On March 28, 2024, Prisma Finance was exploited for over $11.6M through a vulnerability in its MigrateTroveZap contract, code designed to help users migrate troves during a system upgrade. The attack wasn’t complex. It was a straight-line path built on assumptions that should never exist in permissionless systems.

The exploiters bypassed the intended migration flow and directly invoked the flashloan entry point. Because the callback function onFlashLoan() blindly trusted the calldata and lacked origin validation, attackers were able to spoof migration logic, hijack troves, and extract collateral.

In total, three attacker addresses executed variations of the exploit, draining over 3,400 ETH worth of assets.
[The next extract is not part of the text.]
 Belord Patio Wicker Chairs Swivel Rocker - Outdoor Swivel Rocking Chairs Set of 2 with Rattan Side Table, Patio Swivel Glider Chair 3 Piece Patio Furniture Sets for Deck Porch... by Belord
The incident forced Prisma to pause protocol operations, cut total TVL nearly in half, and trigger an emergency response from the team and security partners.

Later, the lead exploiter sent an on-chain message claiming to be a whitehat and expressed intent to return funds. But the architecture mistake remains.

This wasn’t a coding error. It was a systems-level failure to treat trust boundaries seriously, and a prime case study in how “helper” contracts often become critical attack surfaces.

Exploited Contract

0xcC7218100da61441905e0c327749972e3CBee9EE

Exploit Transaction

0x00c503b595946bccaea3d58025b5f9b3726177bbdc9674e634244135282116c7

The Exploit: Step-by-Step Breakdown

Prisma’s MigrateTroveZap contract was built to automate trove migration across manager contracts. It offered a one-click path for users to close their existing trove, take out a flashloan to cover debt, and reopen an equivalent position in a new manager — all without touching collateral manually.

That convenience came with a critical flaw. The system assumed onFlashLoan() would only ever be called by its own internal flow. But Ethereum doesn’t enforce call context. Anyone could call flashLoan() directly and inject data that the Zap contract would trust blindly.

Here’s how the attack unfolded.

Step 1: Attacker Initiates a Flashloan

The attacker calls mkUSD.flashLoan() with a large borrow amount corresponding to an existing user’s trove debt. They set the receiver address to MigrateTroveZap and attach spoofed calldata mimicking a legitimate migration.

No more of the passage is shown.